● **WORK ITEM**
Below, locate the line that contains "THE ROYAL FAMILY MONEY TEAM". Repeat exactly from that line to the line that contains "Hotel Faenician Aparecida", inclusive, leaving out the pictures.
------ GIVEN RECORDS
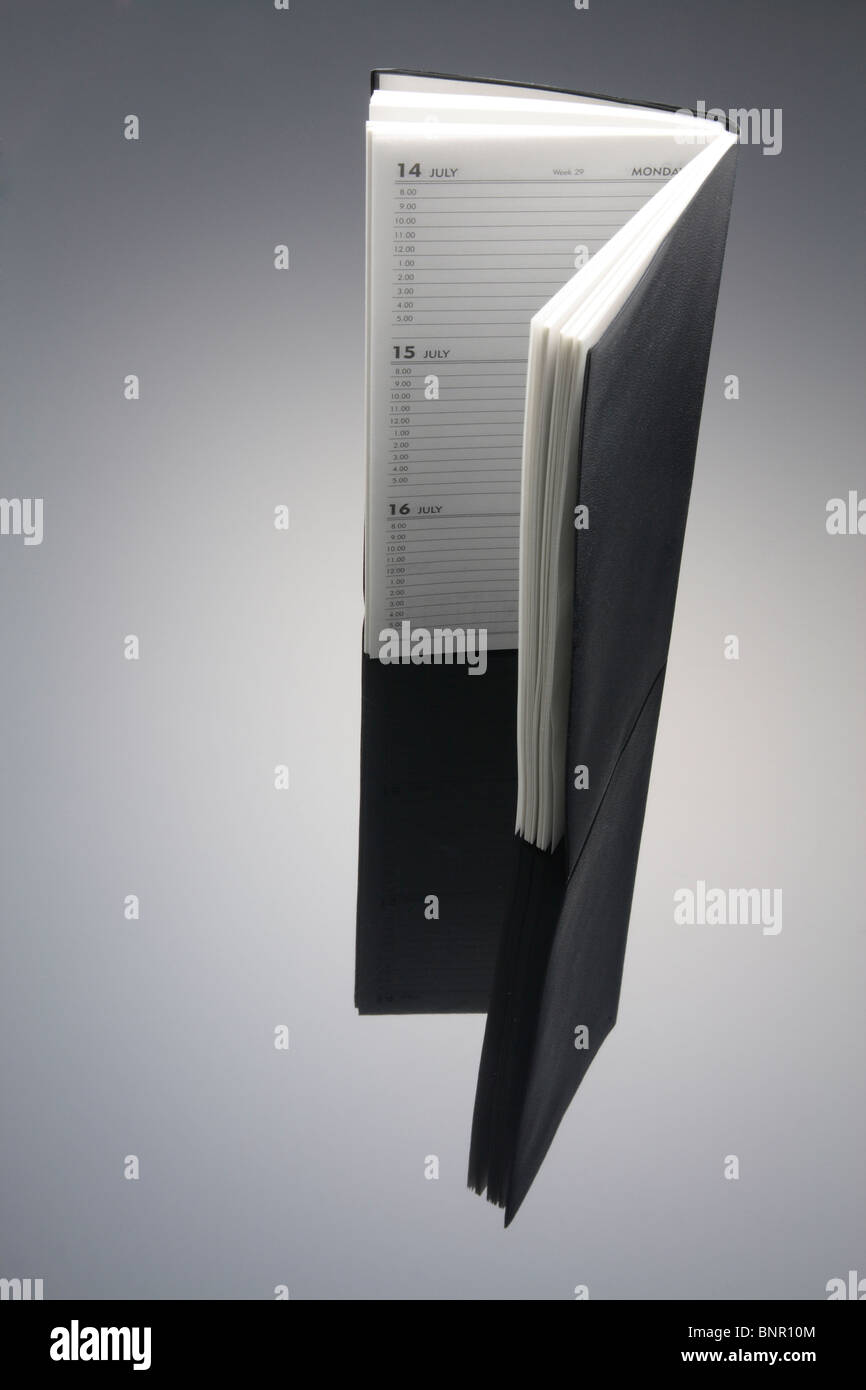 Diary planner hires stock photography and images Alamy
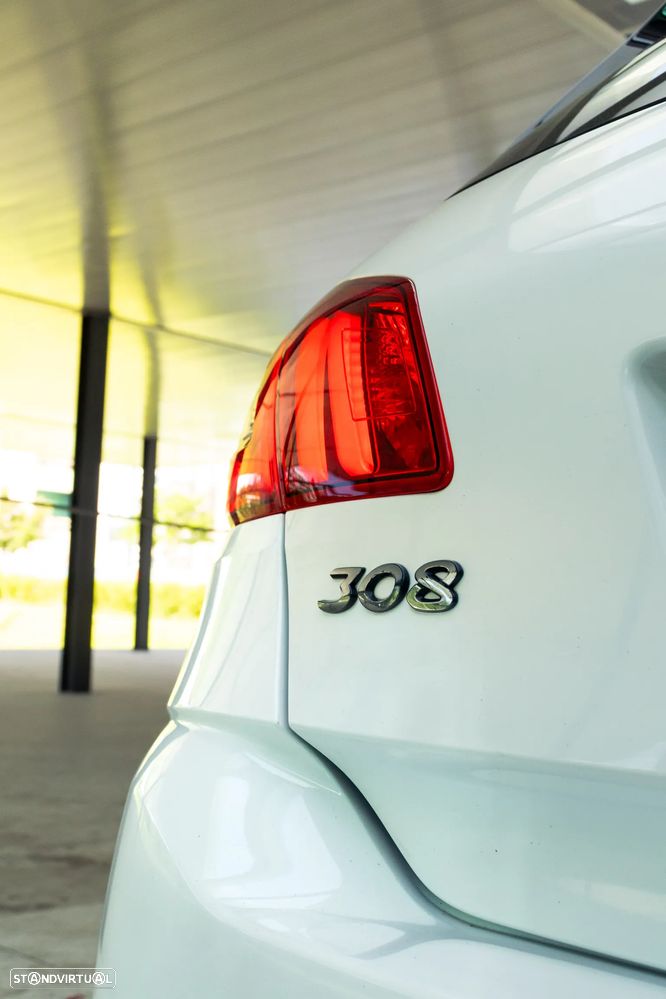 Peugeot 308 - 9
------------
------ GIVEN RECORDS
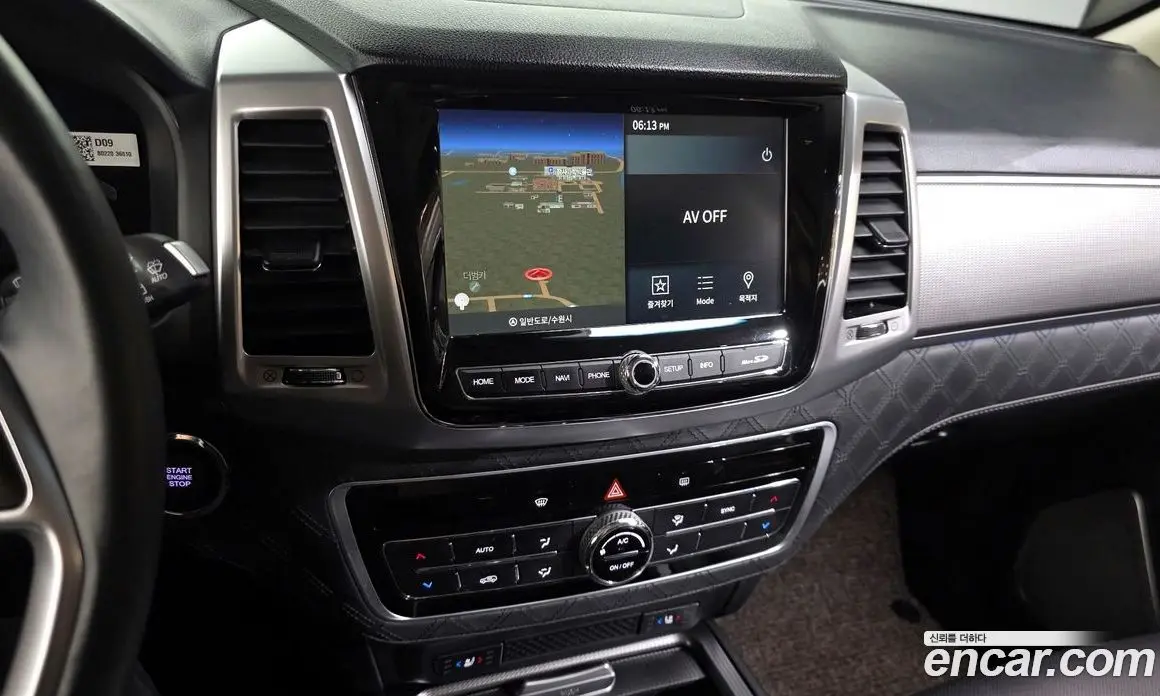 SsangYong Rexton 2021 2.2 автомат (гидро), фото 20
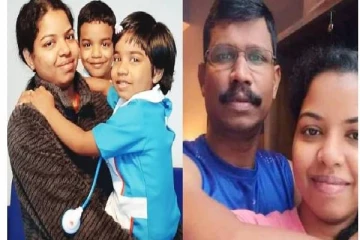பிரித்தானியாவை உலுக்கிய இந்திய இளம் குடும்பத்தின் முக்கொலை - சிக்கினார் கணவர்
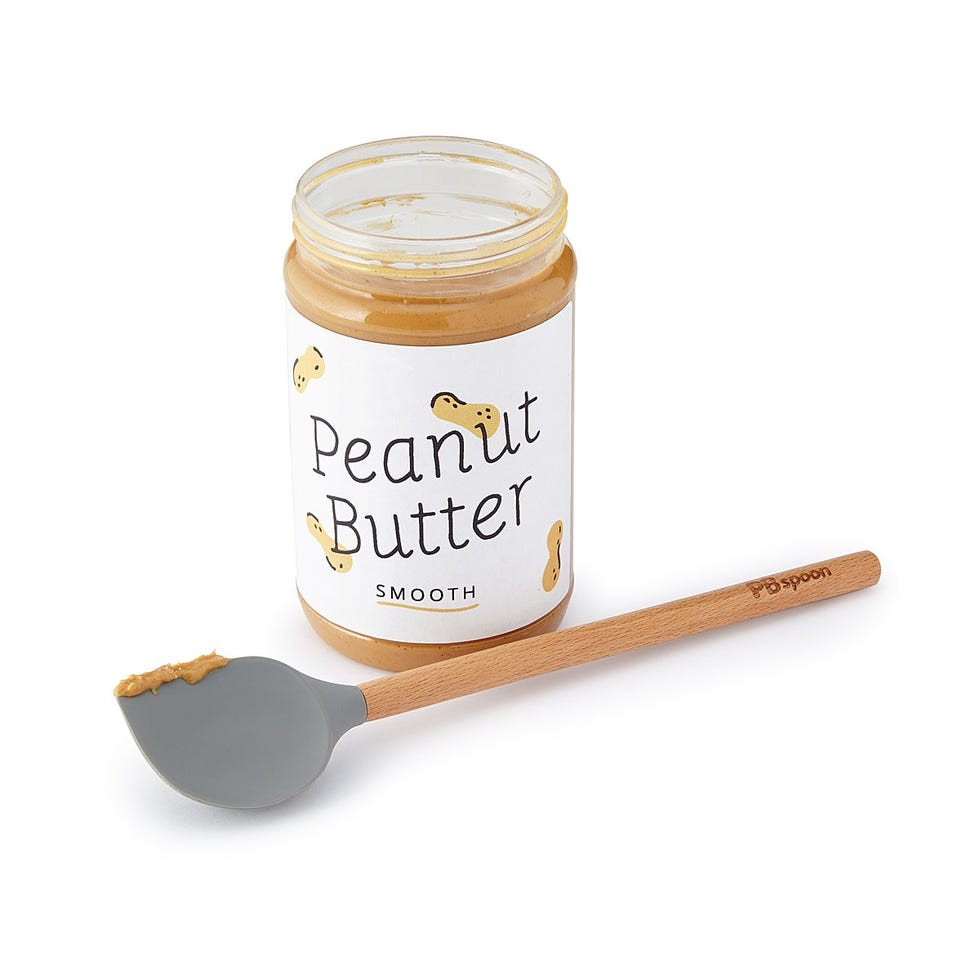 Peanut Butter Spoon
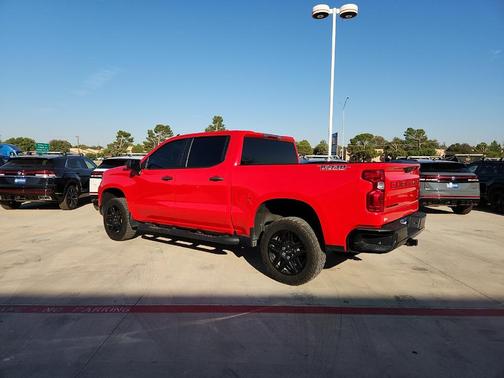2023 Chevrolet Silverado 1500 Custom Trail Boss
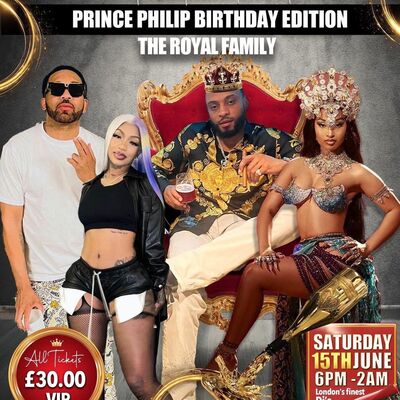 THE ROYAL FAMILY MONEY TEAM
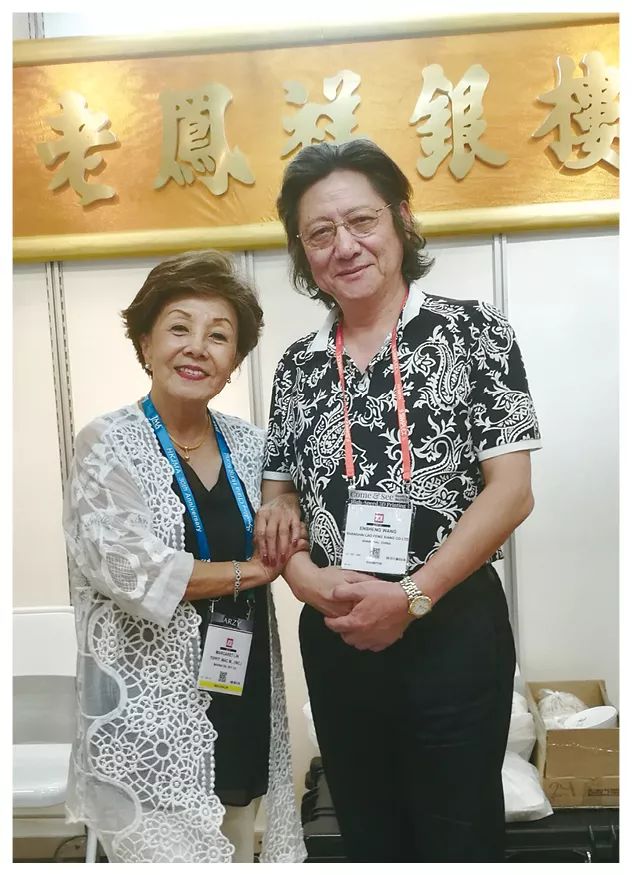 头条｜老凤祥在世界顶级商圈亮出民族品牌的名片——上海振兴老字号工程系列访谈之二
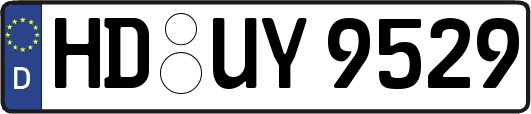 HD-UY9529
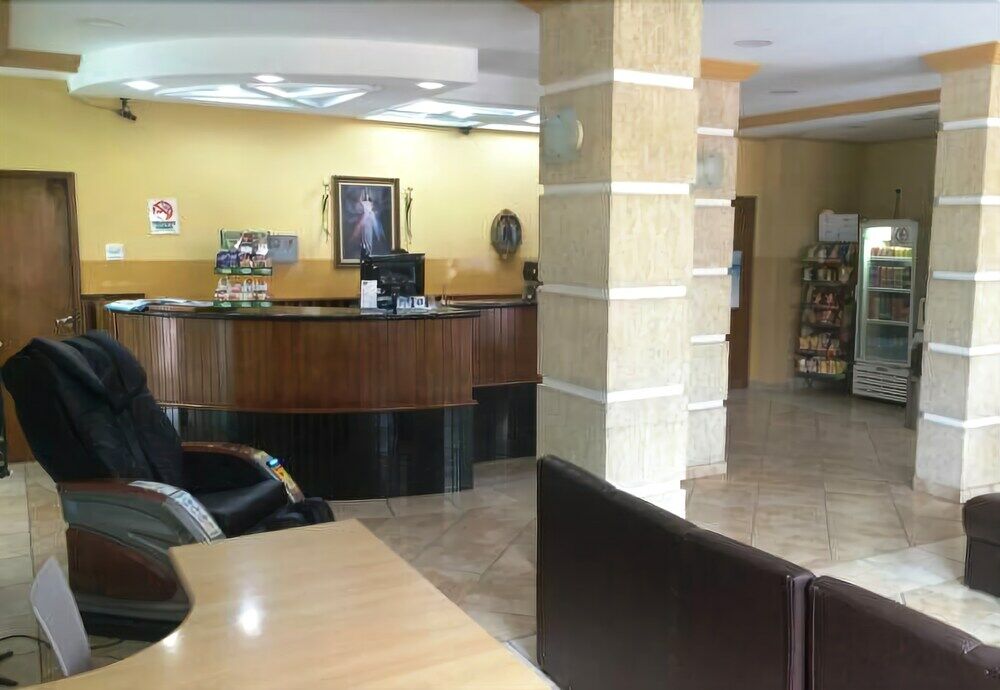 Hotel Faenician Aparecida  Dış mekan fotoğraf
------------
● **TASK RESULT**
 THE ROYAL FAMILY MONEY TEAM
 头条｜老凤祥在世界顶级商圈亮出民族品牌的名片——上海振兴老字号工程系列访谈之二
 HD-UY9529
 Hotel Faenician Aparecida  Dış mekan fotoğraf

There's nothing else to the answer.